* _YOUR GOAL_
With the images omitted, return all of the entries exactly as they stand.

::: PROVIDED DATA

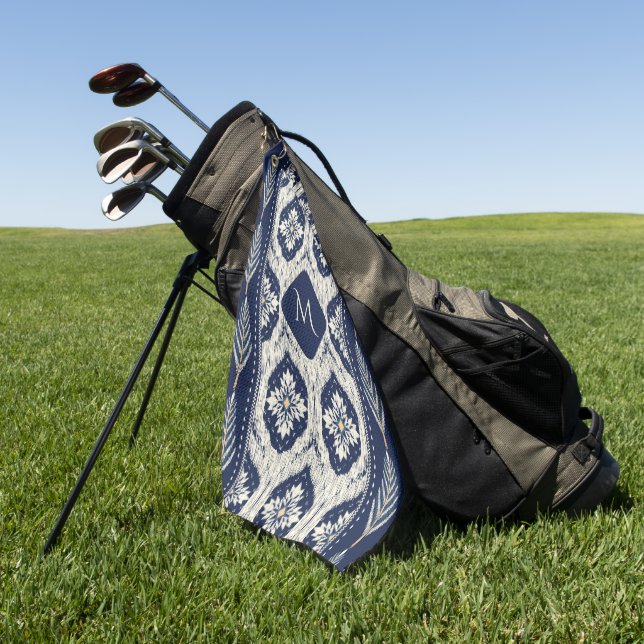 Serviette De Golf Motif Ikat Floral Paisley (Vert)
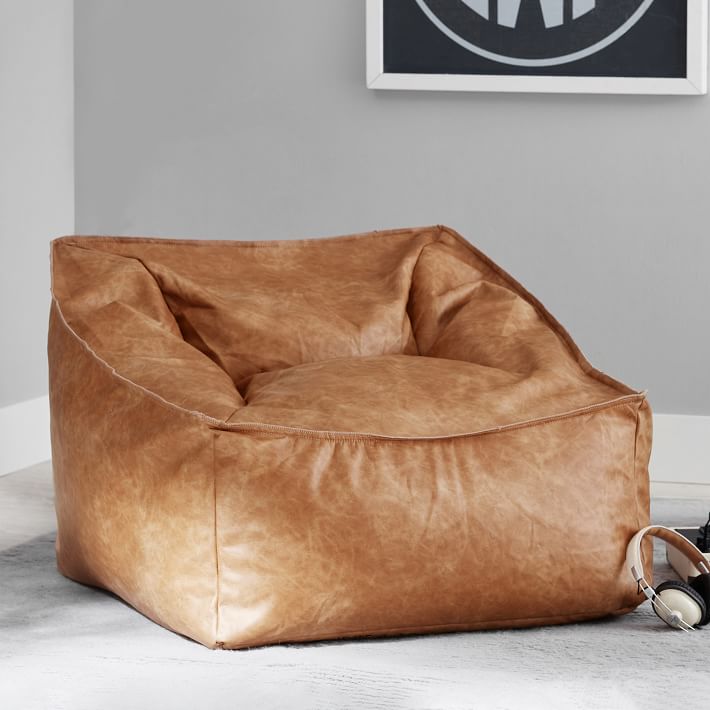 Vegan Leather Caramel Modern Lounger, Real Leather Bean Bag Chairs
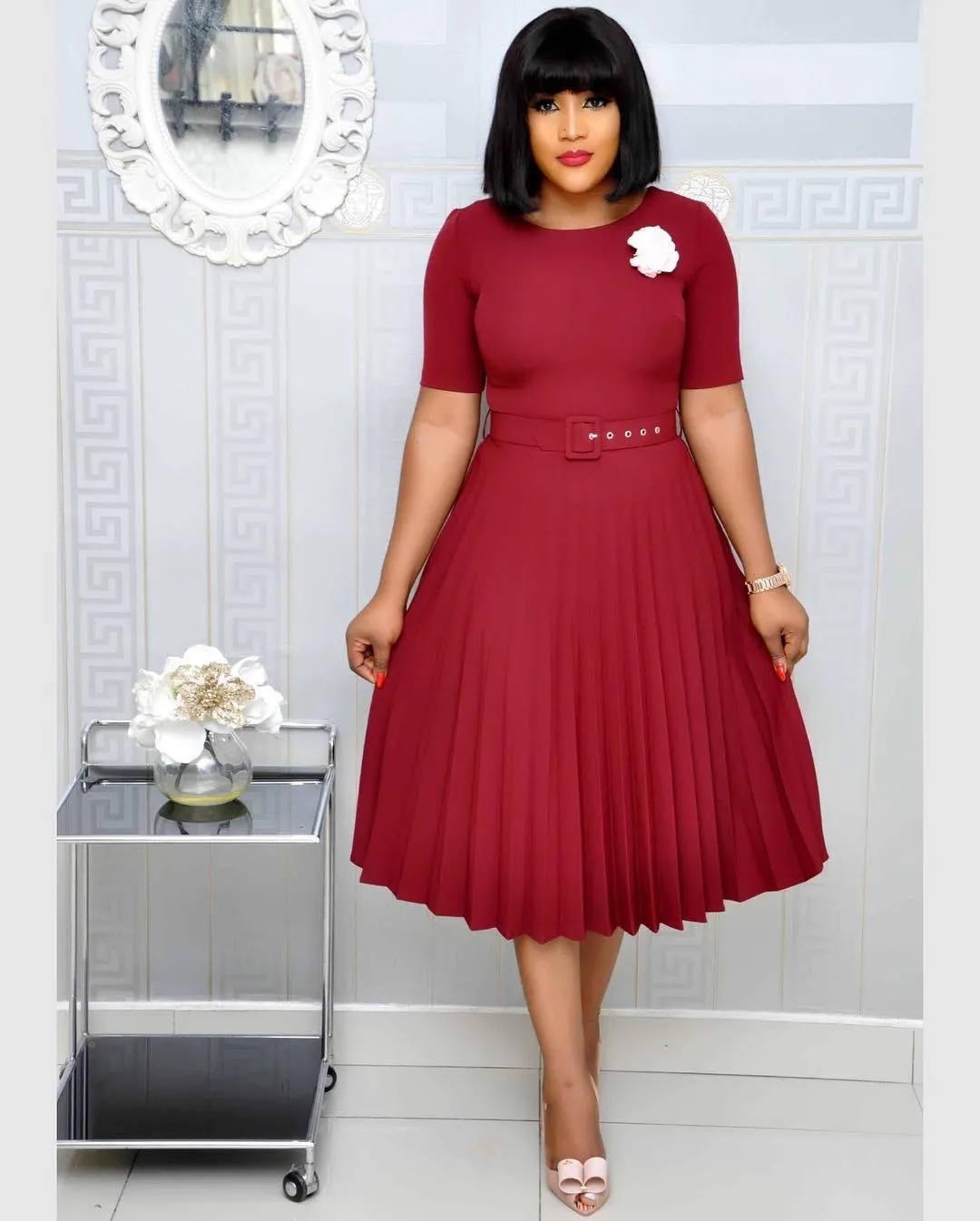 empire waist pleated dress Lachlan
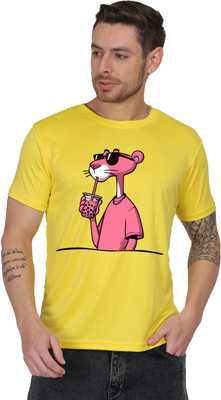 drishyatrends Graphic Print Men Round Neck Yellow T-Shirt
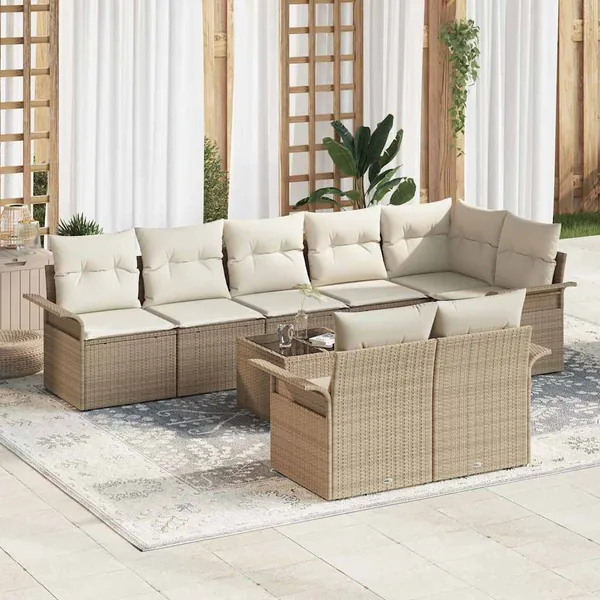 Ensemble de canapé de jardin 9 pcs Beige polyrotin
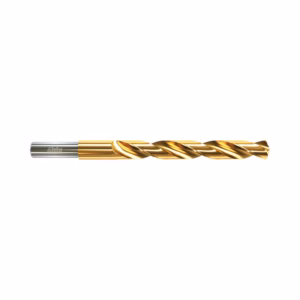 Gold-coated spiral end mill with silver shank laid horizontally, a precision cutting tool for metalworking.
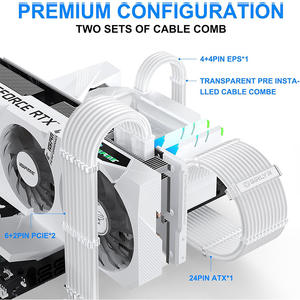 Kit Kabel Ekstensi PC Berlapis Emas Empat-Pin Putih Cerah, Kabel Ekstensi PSU Komputer PCI-E untuk GPU, Aksesori Komputer - Product Image 2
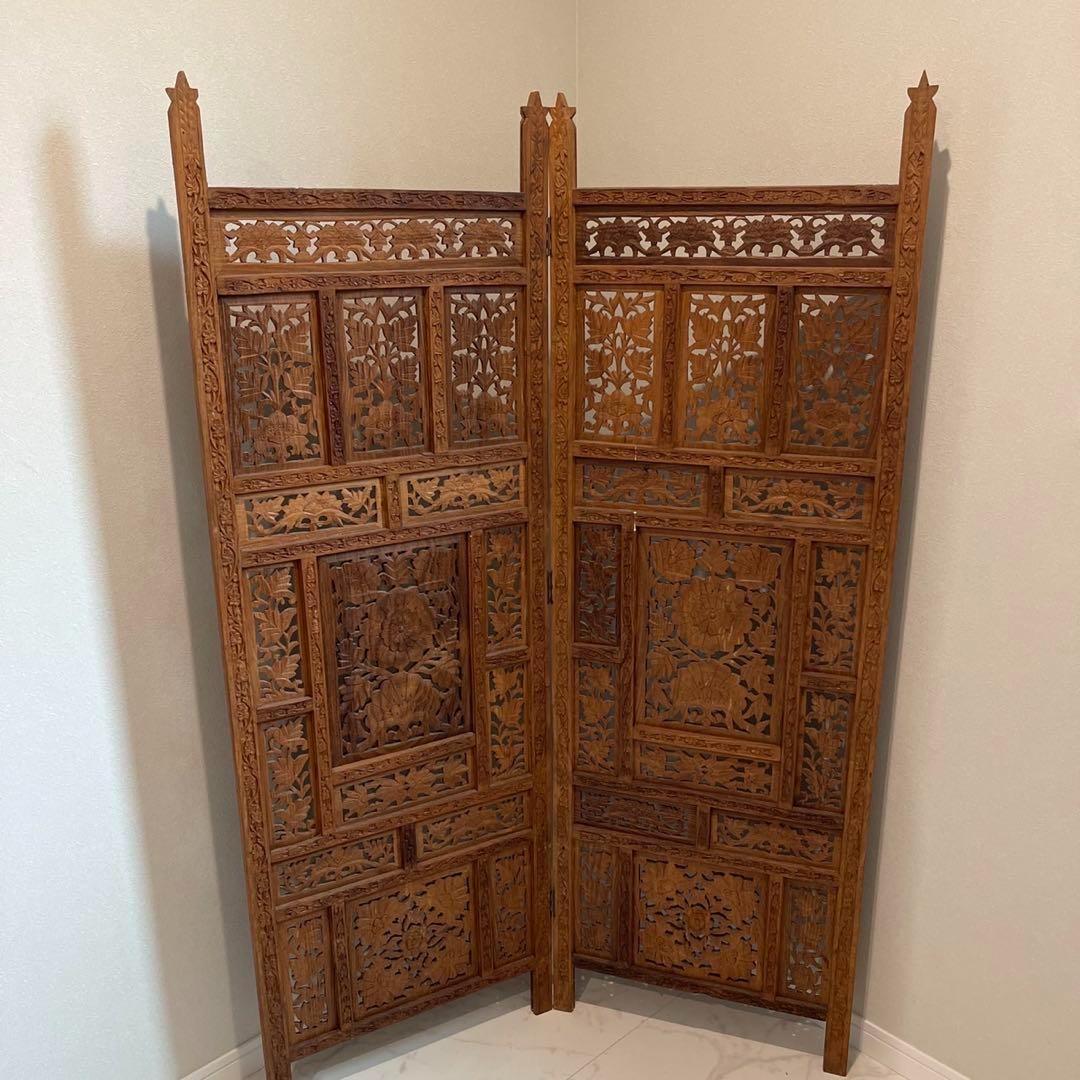 シーシャムウッド パーテーション 木彫り 透かし彫り アジアン インテリア
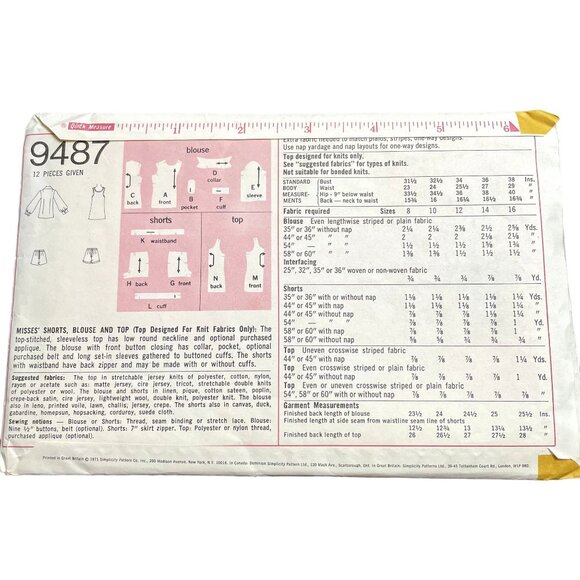 Vtg 1970s Simplicity Sewing Pattern 9487 Shorts Blouse Retro  Size 12 Bust 34 u - Picture 4 of 5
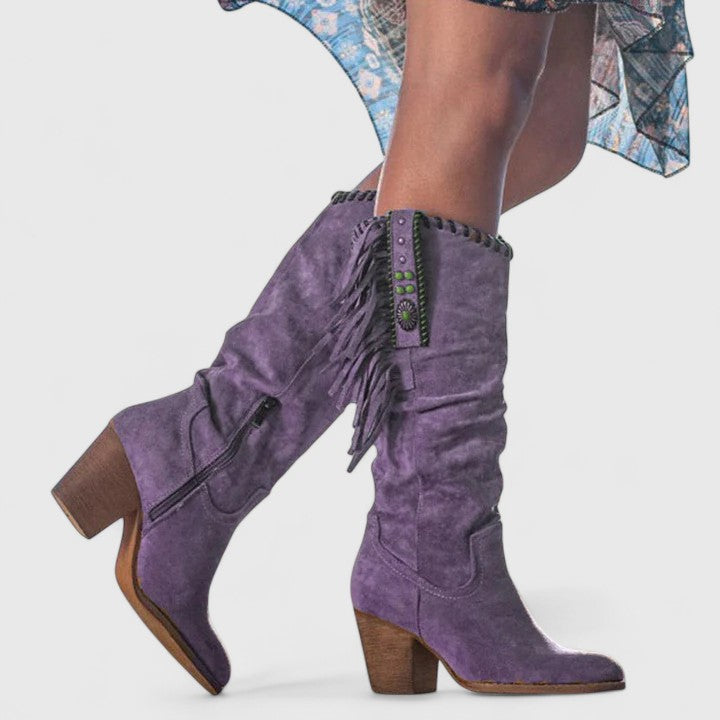 Wren | Women's Orthopedic Fringe Knee-High Boots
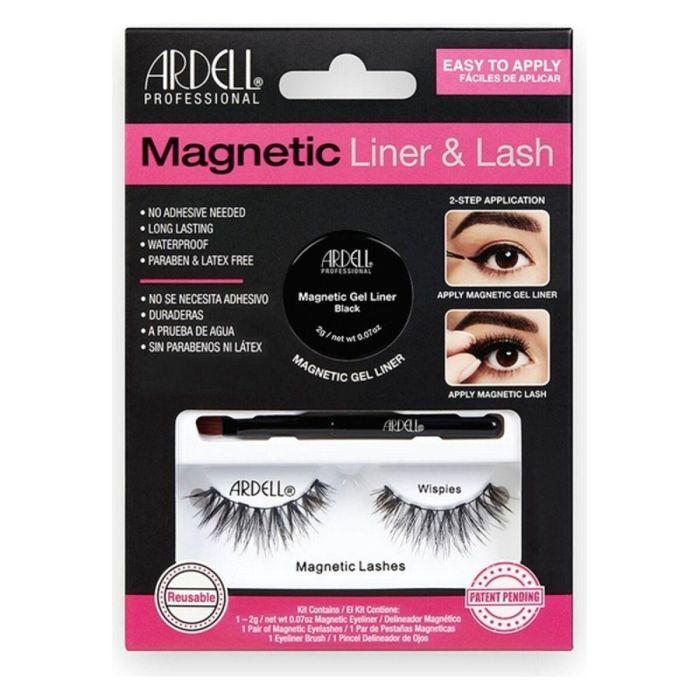 Ardell Pestañas Postizas Magnéticas WisPIES con Gel Delineador Negro sin Pegamento, Larga Duración y Cruelty Free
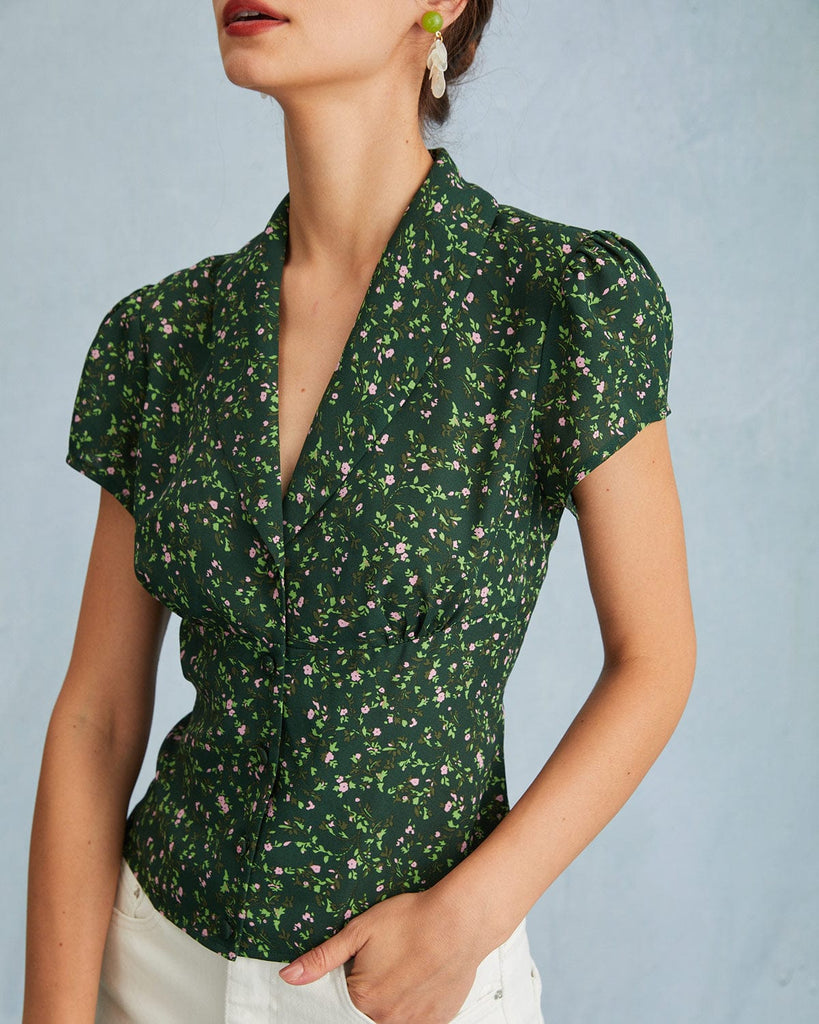 The Collared Floral Button Up Blouse Tops - RIHOAS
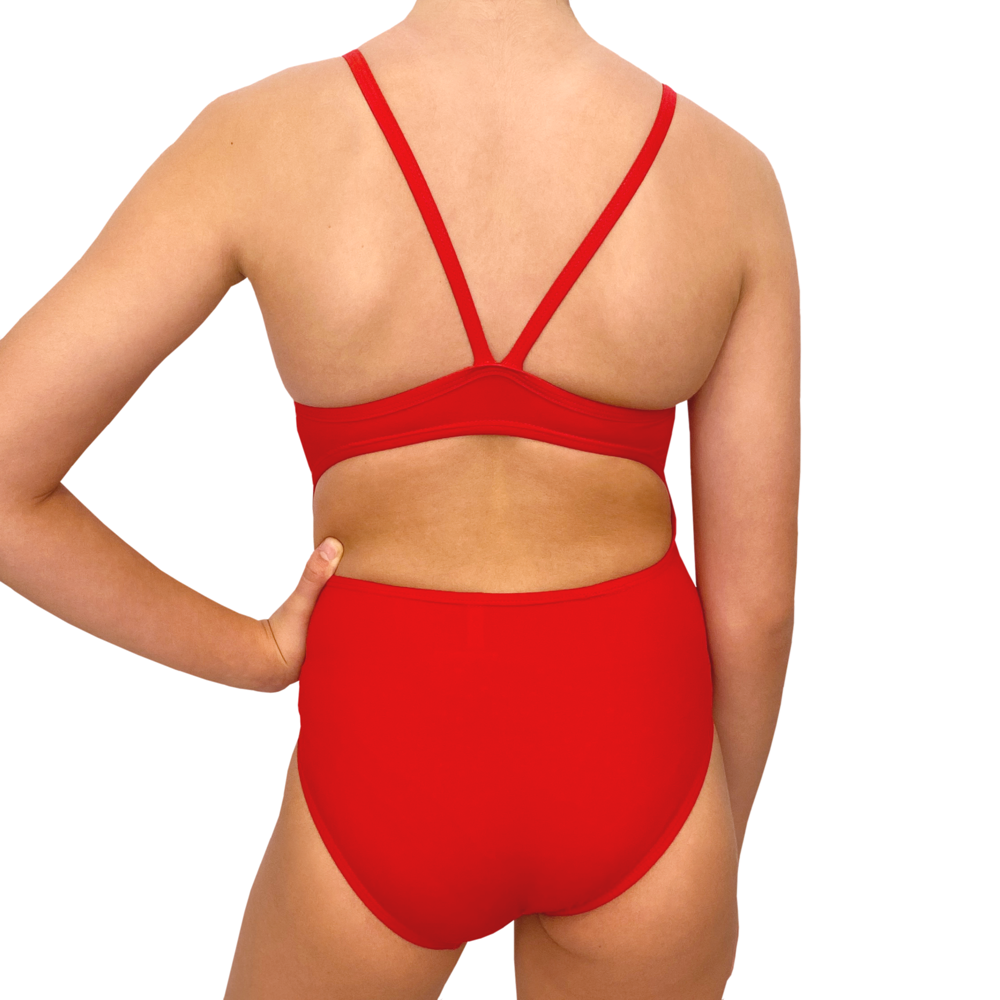 Extra Life Thin Strap Swimsuit in Plain Red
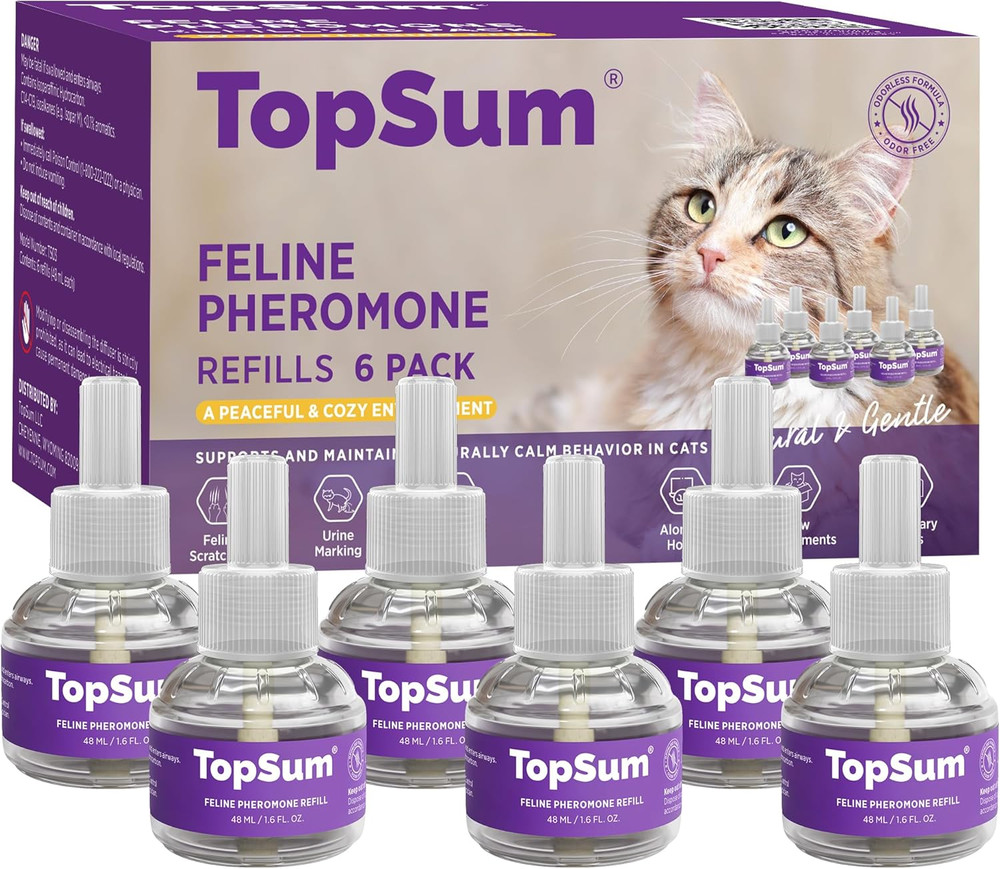 Cat Calming Diffuser Refills: Pheromone Refill for Cats, Long-Lasting 6-Month Su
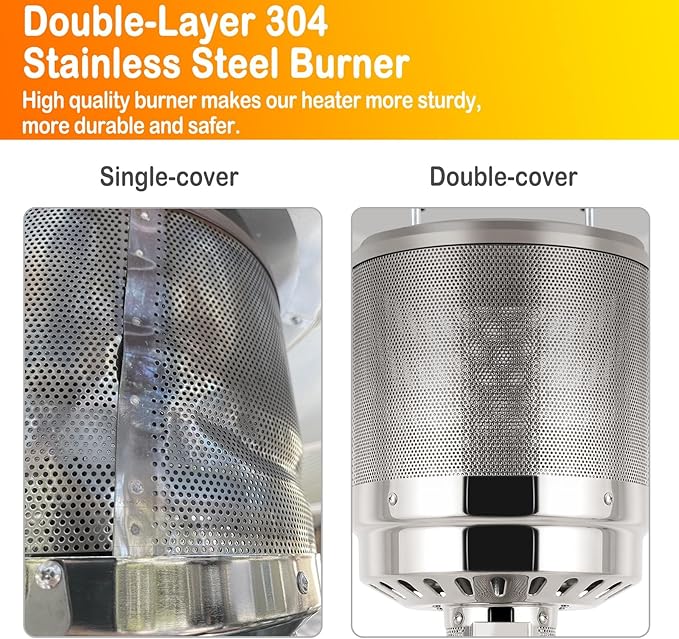 Hykolity 50,000 BTU Propane Patio Heater with Table Design, Stainless Steel Burner, Triple Protection System, Wheels, Outdoor Heaters for Patio, Garden, Commercial and Residentia(Brown)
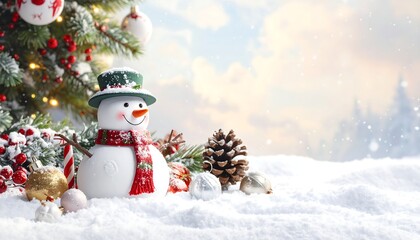 Obraz premium A snowman in winter scenery with tree and decorations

::::::

* _EXERCISE SOLUTION_
 Serviette De Golf Motif Ikat Floral Paisley (Vert)
 Vegan Leather Caramel Modern Lounger, Real Leather Bean Bag Chairs
 empire waist pleated dress Lachlan
 drishyatrends Graphic Print Men Round Neck Yellow T-Shirt
 Ensemble de canapé de jardin 9 pcs Beige polyrotin
 Gold-coated spiral end mill with silver shank laid horizontally, a precision cutting tool for metalworking.
 Kit Kabel Ekstensi PC Berlapis Emas Empat-Pin Putih Cerah, Kabel Ekstensi PSU Komputer PCI-E untuk GPU, Aksesori Komputer - Product Image 2
 シーシャムウッド パーテーション 木彫り 透かし彫り アジアン インテリア
 Vtg 1970s Simplicity Sewing Pattern 9487 Shorts Blouse Retro  Size 12 Bust 34 u - Picture 4 of 5
 Wren | Women's Orthopedic Fringe Knee-High Boots
 Ardell Pestañas Postizas Magnéticas WisPIES con Gel Delineador Negro sin Pegamento, Larga Duración y Cruelty Free
 The Collared Floral Button Up Blouse Tops - RIHOAS
 Extra Life Thin Strap Swimsuit in Plain Red
 Cat Calming Diffuser Refills: Pheromone Refill for Cats, Long-Lasting 6-Month Su
 Hykolity 50,000 BTU Propane Patio Heater with Table Design, Stainless Steel Burner, Triple Protection System, Wheels, Outdoor Heaters for Patio, Garden, Commercial and Residentia(Brown)
 Obraz premium A snowman in winter scenery with tree and decorations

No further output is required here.